>>>

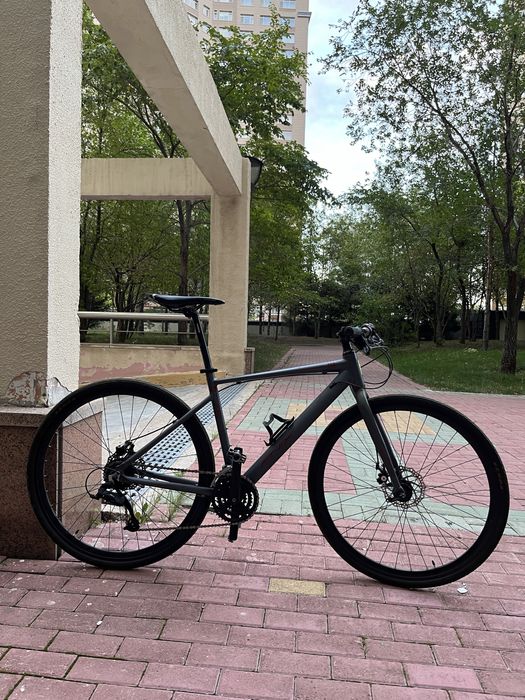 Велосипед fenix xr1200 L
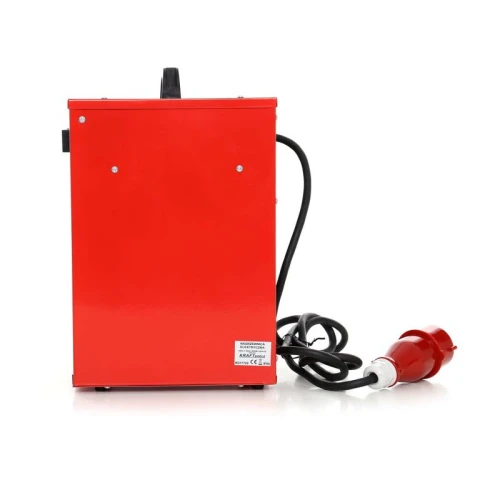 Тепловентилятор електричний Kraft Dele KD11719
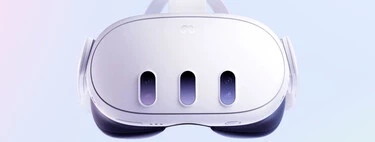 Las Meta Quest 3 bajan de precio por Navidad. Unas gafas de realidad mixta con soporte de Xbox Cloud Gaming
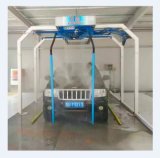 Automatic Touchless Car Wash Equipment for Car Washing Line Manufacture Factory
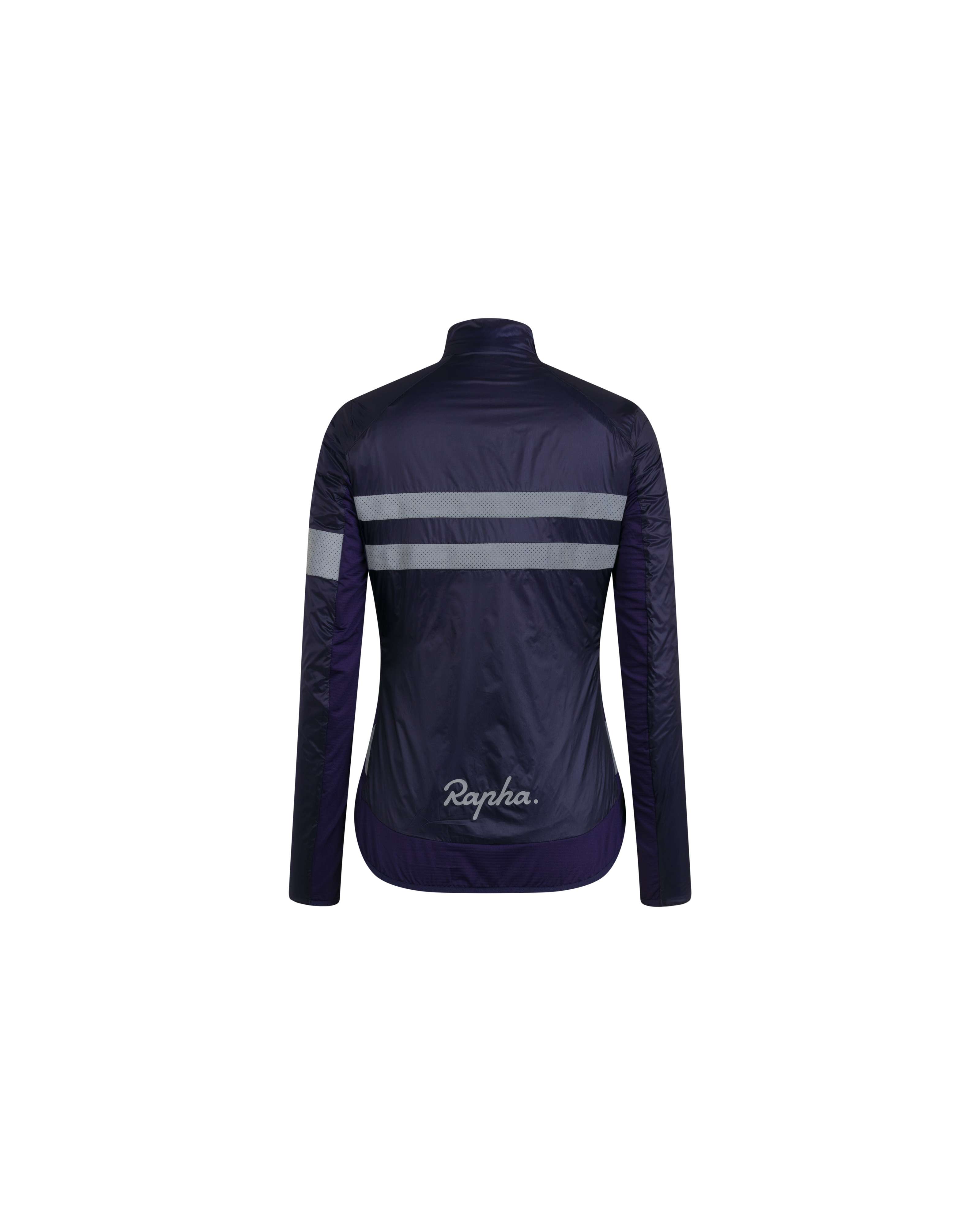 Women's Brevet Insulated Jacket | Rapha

<<<

**WHAT TO PRODUCE:**
Without changing a word, retype the data above and omit its pictures.

**EXERCISE OUTPUT:**
 Велосипед fenix xr1200 L
 Тепловентилятор електричний Kraft Dele KD11719
 Las Meta Quest 3 bajan de precio por Navidad. Unas gafas de realidad mixta con soporte de Xbox Cloud Gaming
 Automatic Touchless Car Wash Equipment for Car Washing Line Manufacture Factory
 Women's Brevet Insulated Jacket | Rapha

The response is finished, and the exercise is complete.